A local school board member once told Bailey that they couldn’t build another
stadium because it would offend the ghosts of Bazemore-Hyder Stadium. (Among
them are the formidable spirits of coaches Wright Bazemore and Nick Hyder,
who took the Wildcats to numerous state and national titles.) Bailey offered
to move the ghosts himself.
There
are 13 college football programs in the state of Georgia and 11 of them are small
(not Division I-A). Most are Division II: Albany State, Clark Atlanta, Fort
Valley State, Morehouse, Valdosta State and West Georgia.
Former Division II institutions Savannah State and Morris Brown are making
the move to I-AA this year, which means they must sponsor more sports to
comply with NCAA requirements. It also means they can offer more athletic
scholarships. Division II schools are limited to 36 scholarships for
football. At I-AA the figure jumps to 63. It costs more, but it’s worth every
penny according to those who are making the leap.
“It’s going to help our marketing tremendously,” says Athletic Director
Russell Ellington. “This will give us more exposure. The first thing a kid
wants to do now is play in Division I.
“Things were getting stagnant in Division II for us. We couldn’t generate any
revenue and couldn’t get into any of the football classics popping up around
the country.”
Morris Brown has applied for membership in three conferences so far, but will
play football as an independent this fall.
For Savannah State, the reasoning sounds a bit more intuitive.
“We saw that our destiny lay elsewhere,” says SSU President Carlton Brown.
“We historically pursue our destiny, leaping boldly into the future with
little regard for own safety. Our leaps of faith have resulted in our best
landings.”
Sounds noble, but the bottom line is SSU was dissatisfied with its Division
II conference, the SIAC (Southern Intercollegiate Athletic Conference).
“We were making all the noise and money we could in Division II,” says Brown,
whose school’s football history dates back to 1902. “And we did not believe
the conference was doing all that it could for us.”

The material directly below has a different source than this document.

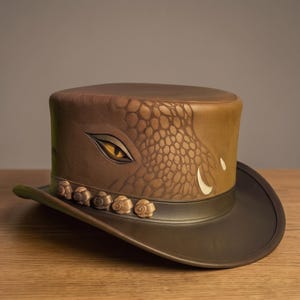 Puede incluir: Un sombrero de copa marrón con un patrón detallado de escamas de reptil y un gráfico de un ojo amarillo prominente en el lateral. El sombrero incluye una banda marrón oscuro adornada con una fila de pequeños adornos circulares.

Meanwhile, over in Athens, UGA is paying fired head coach Jim Donnan a
dismissal bonus of $255,000 — more than twice the salary of Georgia Southern
Head Coach Paul Johnson ($95,247 in 1999-2000), who is working on his third
consecutive national championship. Not to mention the $2.1 million UGA is
paying Donnan to buy out the remaining years on his contract.
Then
again, Statesboro ain’t Athens.
But Georgia Southern today gleams like the top of Russell’s head. Over the
past 10 years, about $150 million has been invested in new buildings and
improvements on the 634-acre campus. GSU is cranking up a new school of
information technology, and President Dr. Bruce Grube vows to take GSU to a
new level of academic excellence (see page 82). Academic purists may argue —
Don’t they argue about everything? — but football plays a considerable role.
“When Coach Russell started the football program, and we had some success,
enrollment really took off,” says Athletic Director Baker. “During one span,
this was the fastest-growing college in America. We had to do things to meet
the academic needs of those students. The number of professors increased, and
that meant more facilities.
“Alumni who haven’t been here in 10 years come back and marvel,” he says.
They come back to marvel at Adrian Peterson, the superb Eagle fullback who
can stumble out of bed and pick up a first down. Or they gape at the
championship trophies on display in the lobby of the new $1.1 million Dan J.
Parrish Sr. Football Center, home of the Eagle brain trust. Or maybe they
gawk at the pretty coeds (twice as many as there used to be, and according to
Russell, all of ’em rich) and gaze at the school buildings, retail centers
and restaurants that didn’t exist 20 or even 10 years ago.
“They oughta just take a picture of Erk and Bucky,” says local hotel owner
and loyal SnookPac member Doug Lambert, “hang it at the Chamber of Commerce
and call that the economic development plan.”